Va siendo hora de volver. A casa, a mi otra casa, a un lugar más allá del mar. Adiós a todo eso, feliz reencuentro con aquello. Hay algo feliz en despojarse de rastros, en lugar de acumular jirones de identidad asfixiantes. Es hora de partir; viene a decir que es hora de culminar una cuenta que se acaba.
Creo que a todos nos pasa, acumulamos lugares, personas, momentos en los que dejamos un rastro, a veces una mancha, ay. Luego, el tiempo fermenta las sensaciones y las da a florecer o marchita el futuro incierto hasta que nos alcanza. Parece que pronto todo se olvida. A la vez, todo se queda en los afluentes de la memoria, dormitando, pero presentes. Nadie puede arrebatarte lo que has vivido. Y eso, como todo, nada vale. Puede ser la mayor bendición o la maldición más siniestra.

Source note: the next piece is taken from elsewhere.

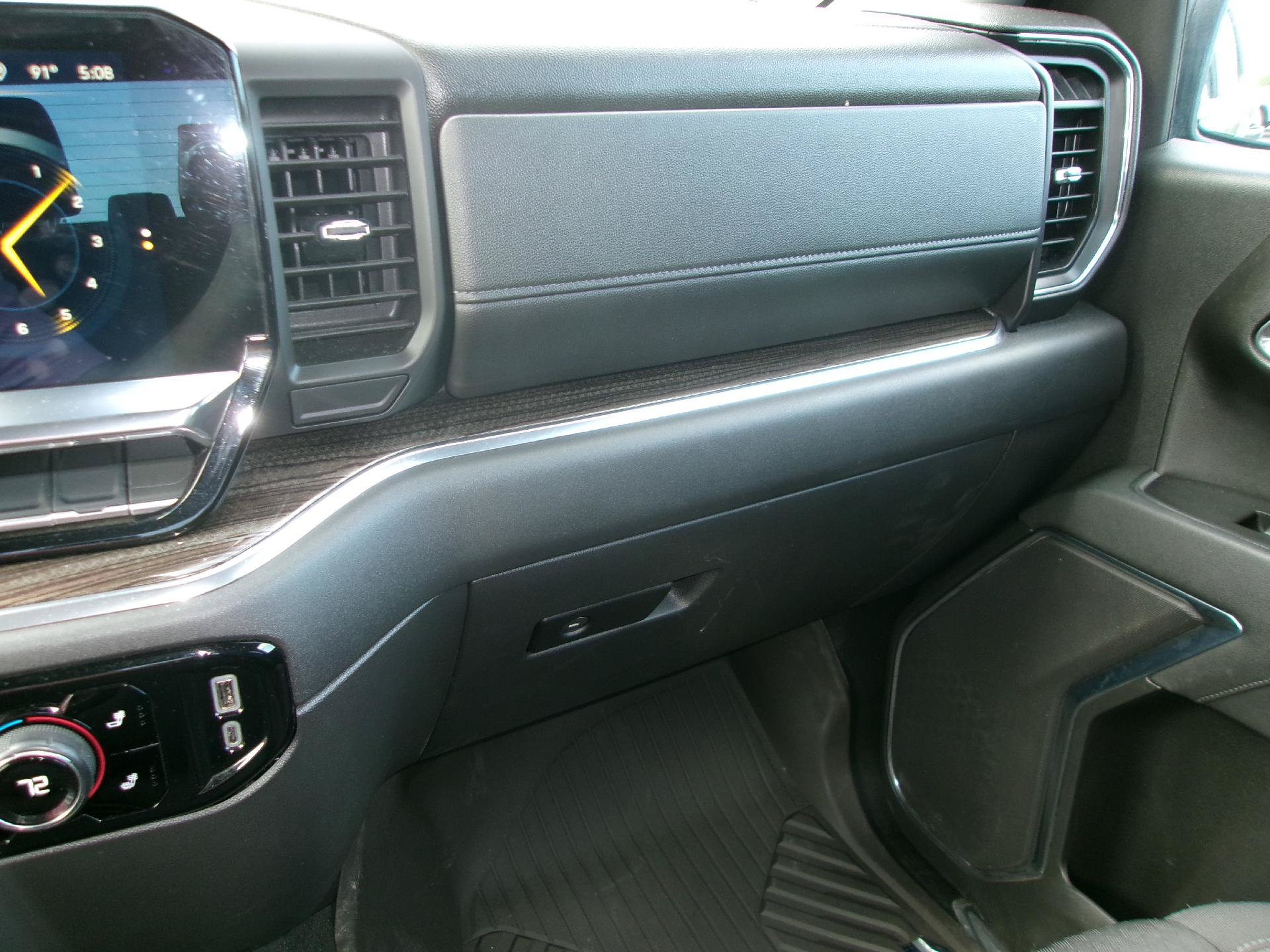 Certified 2025 Chevrolet Silverado 1500 LT RWD image 17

No me gustan las cuentas atrás. Me resulta más evidente incluso lo precario del tiempo, cuán rápido huye y mi incapacidad de sostenerlo. Sólo queda esperar que en el futuro germine y el hoy haga un mañana, si existe, mejor cuando llegue su hoy, y un recuerdo amable. Lo demás es silencio.
Hoy, el día de ilusión, la niebla difumina las torres y los árboles, los paseantes no saben quiénes son y los muros son blandos. Todos andamos inmersos en la bruma, esperando la llegada de la luz y la inocencia que nos permitan seguir leves, como dentro de un sueño.
Lo que te otorgará el instante, la eternidad no sabrá dártelo, dijo alguien. Eso también pasará. Pero aún no ha llegado.